渋々ながらも「いじめちゃダメだからね」と念を押し、私は猫をその子達に渡したのでありました。
それから暫くは猫は昼間家に寄り付かず、夜、私の部屋の電気が点くと縁側で鳴き声を挙げ、帰りを知らせるといった行動を続けていたようでございます。
一度咎めた為か、子供達が勝手に家に入り込むことはなくなりましたが、猫を探して家の周りを徘徊するという行為は続いておりました。
私の部屋は以前祖父が使っていた場所で、池の前の縁側に面しておりましたので、外からは木々に囲まれ、中が見えないようになっておりました。
その為私は着替えの際も一々カーテンを引くことはせずに、そのまま着替える習慣が付いておりました。
ある時視線を感じて窓を振り向くと、何時ぞやの猫をいじめていた女の子が覗いているではありませんか。
視線が合うとその子は「猫を部屋に隠してんじゃねえのか」と言いながら、堂々と縁側を渡って行ったのでございます。
人の家の縁側まで入り込んで、あまつさえ部屋の中を覗き、悪態までついていくその態度に私はその子に怒りを覚えました。

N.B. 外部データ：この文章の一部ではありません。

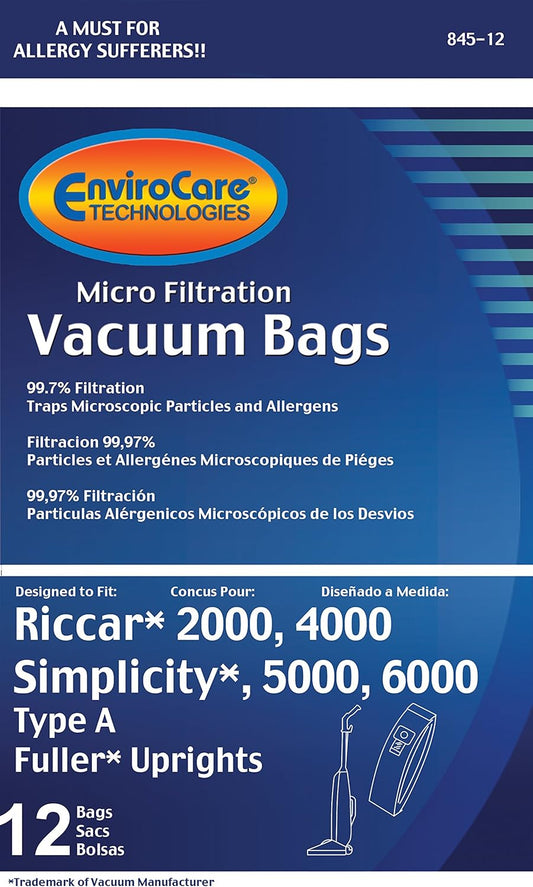 Riccar 2000, 4000 and Vibrance Series. Simplicity 5000, 6000 and Symmetry Type A Vacuum Bags - 12 Pack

近所の子です。その子の家に怒鳴り込むくらい訳はありません。
ですが、ここでも私は思い留まったのでございます。
あれだけ横暴に育った娘の家に文句を言ったところで、その場ではさも悪かったと謝ったとしても、果たしてどれ程の効果が上がるといえるでしょう。それどころか、さも自分は悪くないのに勝手に怒鳴り込んできたなどと吹聴されかねません。
「隠してなんかいないよ!あんたがいじめるから寄り付かないだけでしょう!」と言って横っ面の一つも張ってやりたい気持ちをこらえ、私と猫は夜しか会えない日々を送ったのでございました。

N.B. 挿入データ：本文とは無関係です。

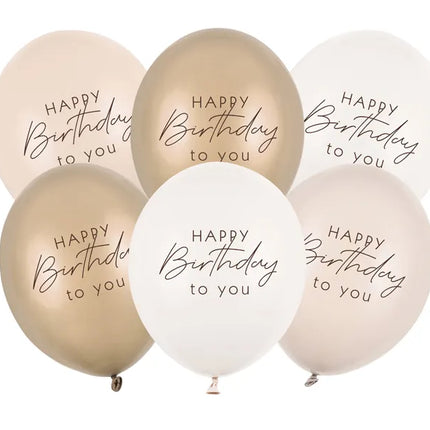 Feestbazaar Ballonnen 'Happy Birthday to you' Beige Mix (6st)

その後、時々昼間に猫を見掛けましたが、ある時は顔から血を流しており、ある時は前足を引きずっておりました。
ボスの座を争って喧嘩しているとも考えられましたが、それならば猫同士の争う声が聞こえるはずです。
私の忠告を無視して子供達が猫をいじめていることは明白でありましょう。ですが、高校に通う私は子供達が暴挙に及んでいるであろう時間は未だ学校に居りましたので、注意することすら出来ずにいたのでございます。

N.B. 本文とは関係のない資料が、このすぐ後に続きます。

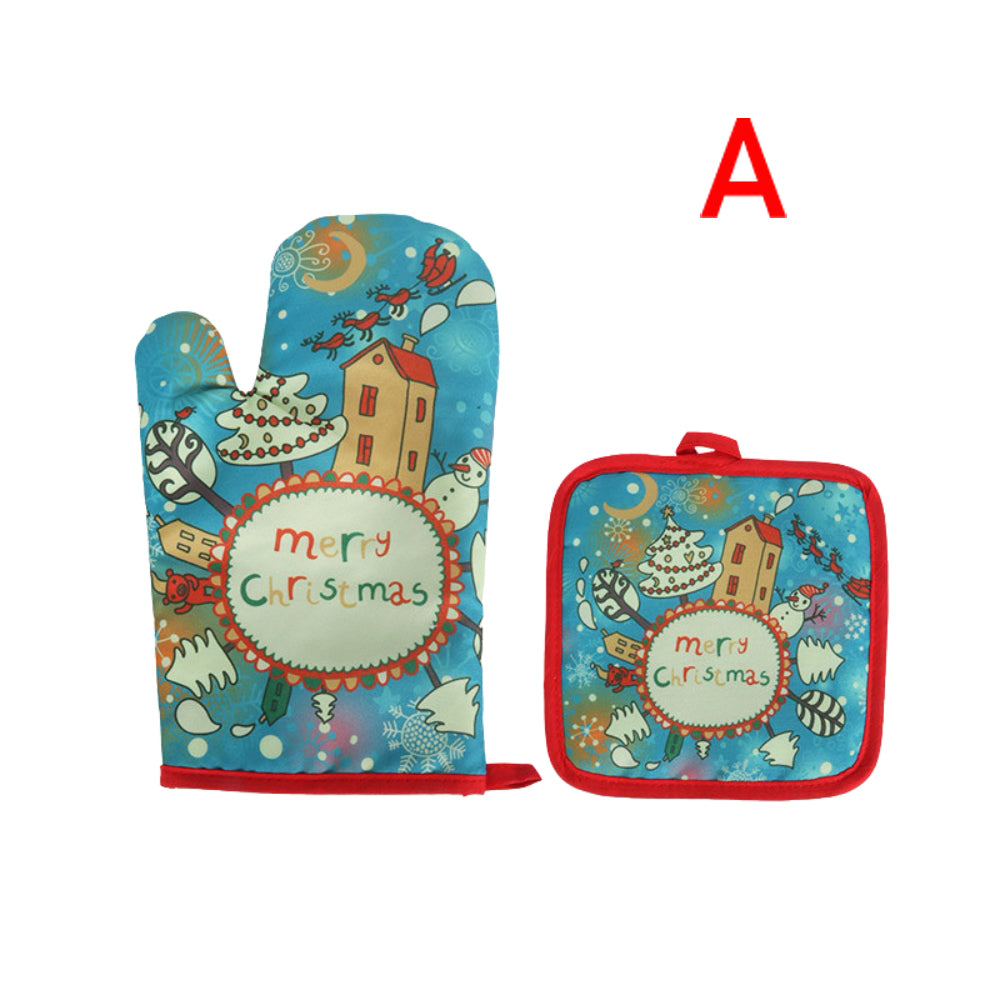 2Pcs Christmas Gloves Oven Mitts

やがて私も高校を卒業し、実家から離れる生活を送るようになりました。
可愛がっていた猫も、一年としないうちに家に寄り付かなくなったと父から聞かされました。
年に四、五回帰省する度毎に姿を見せていた猫も、二年後には私の前にすら姿を見せてはくれなくなってしまったのでございます。
前後するように我が家にやって来たのは捨てられていたというシェパードでありました。
流石の悪童達も自分達の手に余る大型犬には手を出すこともなく、平穏な日々を過ごしたようですが、私自身は、自分の家では飼えないからと勝手に犬を押し付けた近所のおばさんにも憤りを隠せませんでした。
ただ子供達とは違い、その方は犬の貰い手を探してくださったようなので、二年程で犬は貰われて行きました。本当は心の優しい方で、捨てられていた犬を見過ごせなかったのだと、今はその方の行為を非難する気持ちは失せております。
その後、実家には新たに動物達が加わることはありませんでしたが、子供達の暴挙は減ることはございませんでした。
ある時は、軒先に出来た大きなスズメバチの巣に石をぶつけて喜んでいる子供が現れたり、ツバメの巣に爆竹を投げ込む子が現れたりもいたしました。
そういった子をのさばらせておく親も親でありましょうから、いっそのことスズメバチに刺されて酷い目に遭えばいいとも思いましたが、子供が一度に何匹もの蜂に刺されれば命の保障はございません。蜂に罪はありませんが、巣は早々に撤去されることとなったのでございます。
暫くして、県道に面した敷地の一角に、町内会の建物を作らせて欲しいとの申し出がありました。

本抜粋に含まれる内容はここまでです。